SAN DIEGO — At 9:45 a.m. they greeted one of the two essential American athletes of the past 25 years.

They had no clue what was about to happen to the other one.

Three guys wore orange tiger suits, with stripes and tail. One old fellow near the first green saw the man coming and yelled, “I’ve been waiting for 20 years for this.”

The fairways were lined and the hopes were high. The world slams the brakes whenever Tiger Woods stalks a victory.

Nearly 150 miles to the north of Torrey Pines, a 28-year-old helicopter began failing.

About 90 minutes after that, Dennis Paulson of the Golf Channel quietly told Joe LaCava, Woods’ caddie, that Kobe Bryant was gone.

LaCava kept it to himself. As Woods walked through the back nine, he occasionally heard someone yell, “Mamba” or “Do it for Mamba.” He tuned it out; no sportsman on earth has heard more extraneous fan comments than Woods.

Once Woods holed his final putt for a 70 and a ninth-place finish in the Farmers Insurance Open on Sunday, LaCava gave him the indigestible news.

“I grew up a die-hard Laker fan, it’s part of me, it’s all I remember,” Woods said, caught in the numbness that precedes the first wave of grief. “This is one of the most shocking, tragic days that I can ever remember.”

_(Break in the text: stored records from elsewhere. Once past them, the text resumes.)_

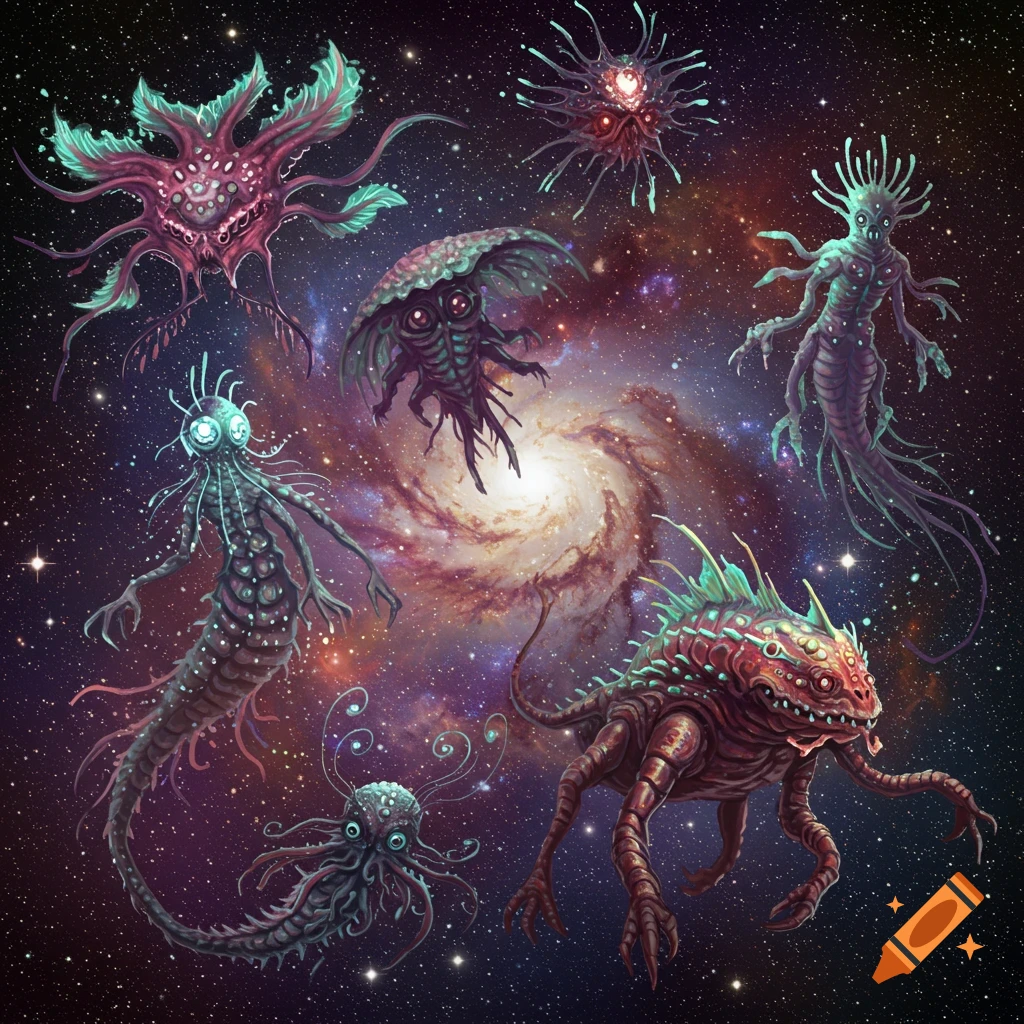Diverse alien space creatures floating in front of a spiral galaxy.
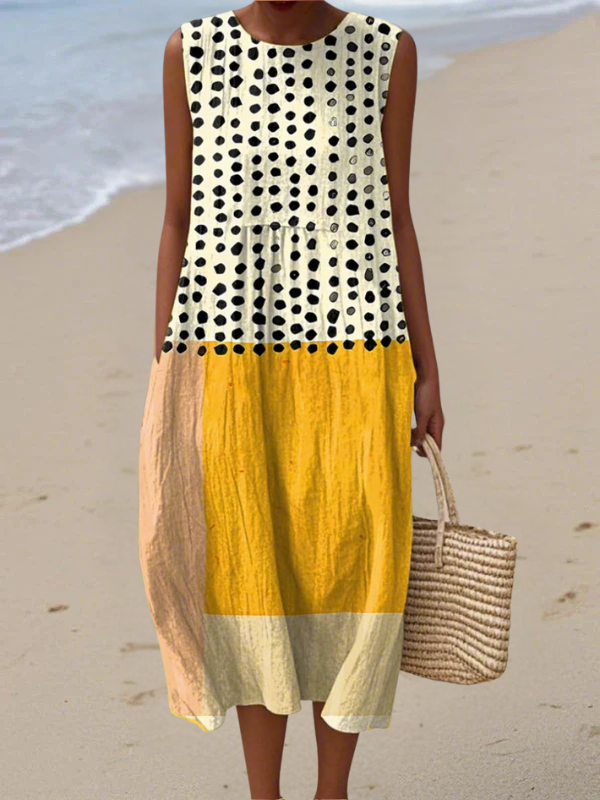 Mouwloze geprinte midi jurk voor dames, zwierig en ademend, geschikt voor zomerse uitstapjes.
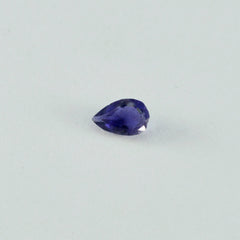 Iolite 1PC Medium 8x10 MM Pear Faceted Blue Shine Semi Precious Loose Gemstones
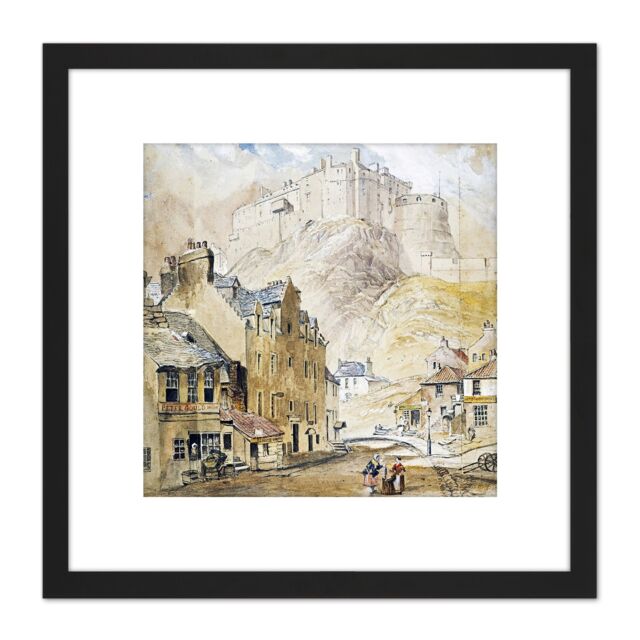 Artery8 Mcculloch Edinburgh Castle Foot Vennel Painting 8X8 Inch Square Wooden Framed Wall Art Print Picture with Mount in Black - image 1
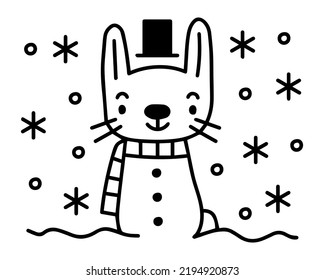 Winter bunny snowman vector illustration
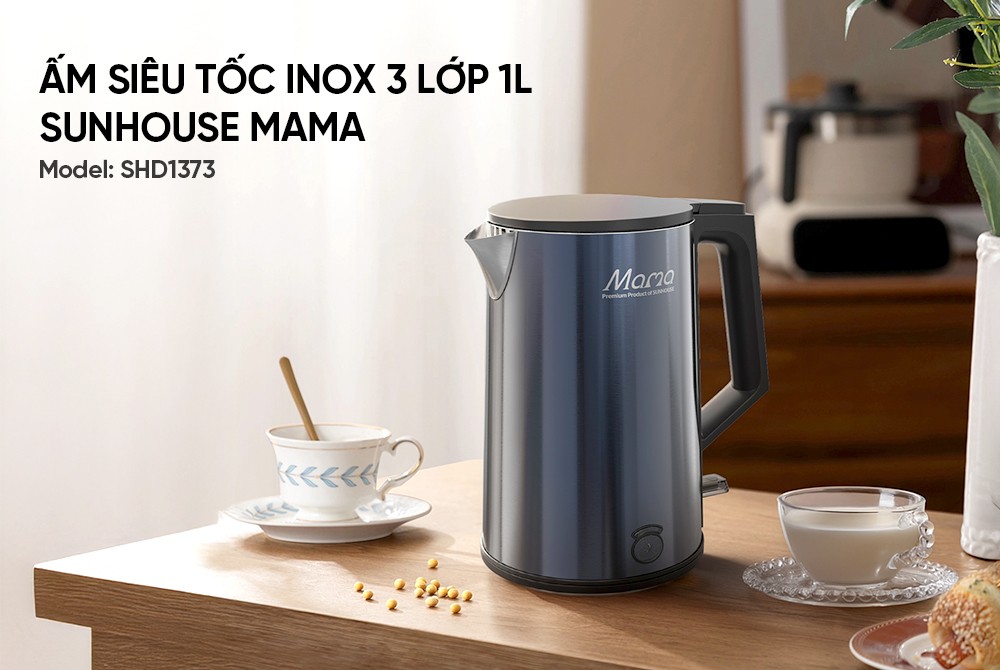 Ấm Siêu Tốc Inox 3 Lớp Sunhouse 1.0 Lít HTD1373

Bryant and his 13-year-old daughter Gianna, nicknamed Gigi, were headed to Gigi’s basketball game. John Altobelli, who won a state championship last spring coaching Orange Coast College’s baseball team, was on the chopper with his daughter. The four of them frequently traveled like that. The crash claimed them and five others.

Bryant and wife Vanessa and the four girls occasionally came to Lakers games, and he coached his daughters’ teams. “Gigi’s a dog,” Bryant proudly told the Sparks’ Candace Parker and TNT’s Kristen Ledlow on a recent podcast. “She loves to compete.”

The news penetrated the hardest bubbles, even the one that surrounds the PGA Tour.

Matthew Wolff is from Westlake, Max Homa from Valencia.

“I talk to Justin Thomas all the time, about how much we try to emulate him,” Homa said. “He’s been a big part of my life. My caddie pulled me aside after a good day of golf (a 67, good for ninth) and said he had terrible news. It’s awful and sad and shocking. My wife and I were on the couch watching his last game (the 60-pointer at the end of the 2016 season). He was my first-ish basketball memory.

“He’s Superman. He played the game with, like, eight broken fingers. He shot two free throws with a torn Achilles. It’s hard to believe anybody like that could have the sniffles, let alone something like this happening.”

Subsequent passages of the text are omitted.